Drip irrigation is not just for farmers; many homeowners who have small or large gardens can benefit from this watering system. When choosing drip irrigation, there are certain factors you need to consider to have the right system for your garden.
Zoning your system means different irrigation lines service different areas of your garden. This is ideal if you have a variety of plants with different watering needs. You can set each irrigation system independently so they have a faster or slower flow rate. If your garden is not in place, try planning your garden around the irrigation system. You might choose to have four to six lines depending on the needs of your plants.

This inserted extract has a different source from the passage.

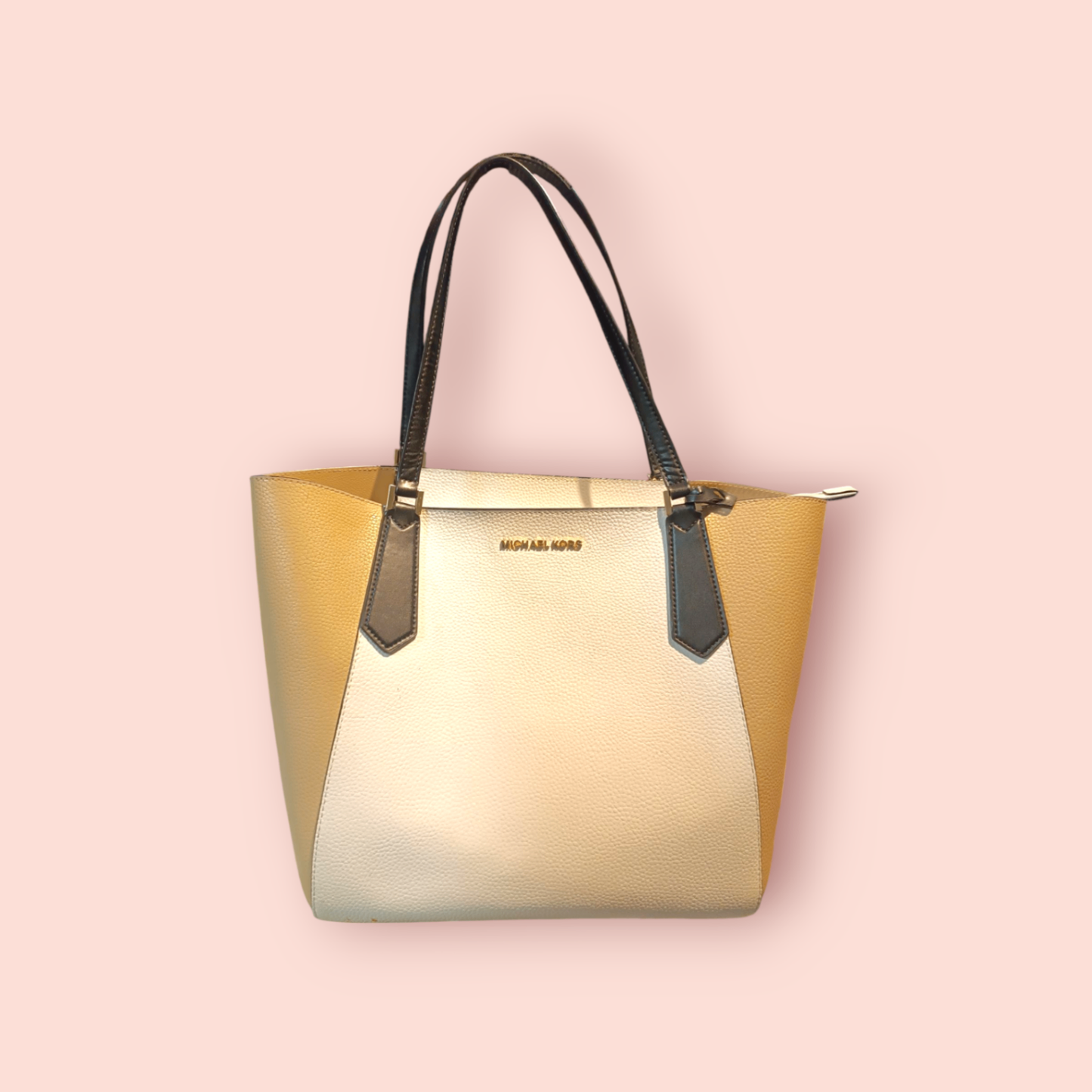 Michael Kors Tasche Weiß, Beige, Schwarz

For example, you may want three separate high-flow lines that service plants in full-sun, partial-sun, and shade areas of your garden. Similarly three separate low-flow lines would be used to service plants based on their need for sun. If your garden is already in place, you may have to compromise on placement by allowing a low water flow to your entire garden and watering plants by hand that need extra hydration.
Hide Your Water Lines
Many people choose to hide their water lines with mulch so the lines are not visible in the garden, but adding a layer of mulch offers an added bonus. This extra layer of covering can minimize water evaporation. Although drip irrigation uses less water and reduces the amount of water that evaporates, you retain extra water in the ground by keeping the line hidden from sunlight. The extra layer of protection is especially important during the warmer months when it can be difficult to keep plants sufficiently hydrated. Since your water line is hidden, it might also be less noticeable to animals that would like to use your garden as their new water source.
Know Your Soil
The soil in your garden will also affect the type of system you install. If your garden is primarily soil, using a moderate flow rate should be fine. In some areas where the soil is harder, such as clay, you should use a lower flow rate because they water will not drain away from the plants as quickly. Other soil conditions, such as sand or similar grainy material will drain much faster and your plants may need a higher flow rate to keep them appropriately hydrated.
Although your soil will greatly affect how much water is retained, you may also need to make adjustments based on the weather. If your soil already drains quickly, you will likely need to increase the flow rate during the warmer months. Conversely, slow-draining soil will need an even lower flow rate during the colder months to prevent ponding of water at the roots and freezing.
Drip irrigation is a low-maintenance way of keeping your plants hydrated throughout the year. Finding the right system and flow rate for your needs will help you maintain an attractive garden.